Tag Archives: Zooniverse

Zooniverse: The Answer to Big (Crisis) Data?

Both humanitarian and development organizations are completely unprepared to deal with the rise of “Big Crisis Data” & “Big Development Data.” But many still hope that Big Data is but an illusion. Not so, as I’ve already blogged here, here and here. This explains why I’m on a quest to tame the Big Data Beast. Enter Zooniverse. I’ve been a huge fan of Zooniverse for as long as I can remember, and certainly long before I first mentioned them in this post from two years ago. Zooniverse is a citizen science platform that evolved from GalaxyZoo in 2007. Today, Zooniverse “hosts more than a dozen projects which allow volunteers to participate in scientific research” (1). So, why do I have a major “techie crush” on Zooniverse?
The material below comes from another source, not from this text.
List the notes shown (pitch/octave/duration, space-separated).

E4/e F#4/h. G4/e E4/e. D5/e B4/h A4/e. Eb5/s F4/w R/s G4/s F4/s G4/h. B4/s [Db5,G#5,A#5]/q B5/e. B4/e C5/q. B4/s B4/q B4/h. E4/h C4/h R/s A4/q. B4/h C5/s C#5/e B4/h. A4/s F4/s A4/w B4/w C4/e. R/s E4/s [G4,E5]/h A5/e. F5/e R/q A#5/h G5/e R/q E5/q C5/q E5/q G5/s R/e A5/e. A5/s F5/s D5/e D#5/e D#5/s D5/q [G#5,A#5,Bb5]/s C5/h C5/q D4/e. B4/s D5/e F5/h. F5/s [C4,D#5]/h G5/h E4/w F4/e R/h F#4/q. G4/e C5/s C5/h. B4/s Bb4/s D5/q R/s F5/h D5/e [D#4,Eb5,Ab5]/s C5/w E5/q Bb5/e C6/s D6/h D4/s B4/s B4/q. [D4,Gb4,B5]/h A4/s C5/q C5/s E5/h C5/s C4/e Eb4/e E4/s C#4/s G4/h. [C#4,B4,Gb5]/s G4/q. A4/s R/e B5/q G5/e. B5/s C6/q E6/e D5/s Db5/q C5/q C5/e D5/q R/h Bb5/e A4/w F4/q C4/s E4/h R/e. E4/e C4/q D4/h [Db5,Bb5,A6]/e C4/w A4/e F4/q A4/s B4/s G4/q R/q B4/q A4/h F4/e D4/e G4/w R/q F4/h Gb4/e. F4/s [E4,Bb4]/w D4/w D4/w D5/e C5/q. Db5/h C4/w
Oh let me count the ways. Zooniverse interfaces are absolutely gorgeous, making them a real pleasure to spend time with; they really understand user-centered design and motivations. The fact that Zooniverse is conversent in multiple disciplines is incredibly attractive. Indeed, the platform has been used to produce rich scientific data across multiple fields such as astronomy, ecology and climate science. Furthermore, this citizen science beauty has a user-base of some 800,000 registered volunteers—with an average of 500 to 1,000 new volunteers joining every day! To place this into context, the Standby Volunteer Task Force (SBTF), a digital humanitarian group has about 1,000 volunteers in total. The open source Zooniverse platform also scales like there’s no tomorrow, enabling hundreds of thousands to participate on a single deployment at any given time. In short, the software supporting these pioneering citizen science projects is well tested and rapidly customizable.

At the heart of the Zooniverse magic is microtasking. If you’re new to microtasking, which I often refer to as “smart crowdsourcing,” this blog post provides a quick introduction. In brief, Microtasking takes a large task and breaks it down into smaller microtasks. Say you were a major (like really major) astro-nomy buff and wanted to tag a million galaxies based on whether they are spiral or elliptical galaxies. The good news? The kind folks at the Sloan Digital Sky Survey have already sent you a hard disk packed full of telescope images. The not-so-good news? A quick back-of-the-envelope calculation reveals it would take 3-5 years, working 24 hours/day and 7 days/week to tag a million galaxies. Ugh!

Screen Shot 2013-03-25 at 4.11.14 PM

But you’re a smart cookie and decide to give this microtasking thing a go. So you upload the pictures to a microtasking website. You then get on Facebook, Twitter, etc., and invite (nay beg) your friends (and as many strangers as you can find on the suddenly-deserted digital streets), to help you tag a million galaxies. Naturally, you provide your friends, and the surprisingly large number good digital Samaritans who’ve just show up, with a quick 2-minute video intro on what spiral and elliptical galaxies look like. You explain that each participant will be asked to tag one galaxy image at a time by simply by clicking the “Spiral” or “Elliptical” button as needed. Inevitably, someone raises their hands to ask the obvious: “Why?! Why in the world would anyone want to tag a zillion galaxies?!”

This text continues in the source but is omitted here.